3.3. Simulator: Flatland

Flatland is a 2D physical simulator based on box2D, which is made to be integratable with ROS and easy to extend functions with its plugin mechanism.

In our project, we have modified and extended the original Flatland source repositary in order to make it better suitable to our DRL planning purpose. The parts that have been modified will be cleared somehow in following sections.

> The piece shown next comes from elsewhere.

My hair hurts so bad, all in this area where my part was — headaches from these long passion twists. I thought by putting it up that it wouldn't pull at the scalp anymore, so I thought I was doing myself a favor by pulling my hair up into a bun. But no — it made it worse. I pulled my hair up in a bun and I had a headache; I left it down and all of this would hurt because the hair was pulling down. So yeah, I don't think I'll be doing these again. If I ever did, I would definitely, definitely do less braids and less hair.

A great introduction to flatland is listed in following website, please checi it out (most importantly in order to know how to create plugin in flatland):

How to use flatland: http://flatland-simulator.readthedocs.io

Things need to know:

How flatland updates its simulation progress
How to write model .yaml files for flatland
How to create flatland plugins(e.g. laser, driver, motion behavior) which can be added to the model .yaml file

How flatland updates its simulation progress

flatland_server/src/flatland_server_node.cpp
flatland_server/src/simulation_manager.cpp         (modified by our project)
flatland_server/src/world.cpp
flatland_server/src/timekeeper.cpp
flatland_plugins/src/laser.cpp                     (modified by our project)

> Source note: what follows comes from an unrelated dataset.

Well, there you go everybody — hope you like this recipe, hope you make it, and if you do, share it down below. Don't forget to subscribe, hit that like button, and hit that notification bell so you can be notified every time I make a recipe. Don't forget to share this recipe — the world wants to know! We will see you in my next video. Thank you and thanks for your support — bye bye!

check out these files, everything relative to simulation update is contained there. We made some modification in simulation_manager.cpp, where we create a /step_world service server.

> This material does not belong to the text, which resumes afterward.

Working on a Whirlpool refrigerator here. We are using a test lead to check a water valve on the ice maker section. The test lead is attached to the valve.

How to write model .yaml files for flatland

Robot, Obstacles and world can be described by .yaml files, which provide easy setting to users.

check out the model section in http://flatland-simulator.readthedocs.io

How to create flatland plugins

Sensors such as laser, actuator such ad diff_driver & other user defined motion behaviors can be coded as a flatland plugin and added to the model .yaml file.

check out the plugin section in http://flatland-simulator.readthedocs.io

flatland_plugins/src/laser.cpp                     (modified by our project)
flatland_plugins/src/diff_drive.cpp                (modified by our project)
flatland_plugins/src/model_tf_publisher.cpp        (modified by our project)
flatland_plugins/include/flatland_plugins/tween.h  (for dynamic obstacle motion behavior)
flatland_plugins/include/flatland_plugins/update_timer.h

These are the plugins that currently we are using and some of them are modified.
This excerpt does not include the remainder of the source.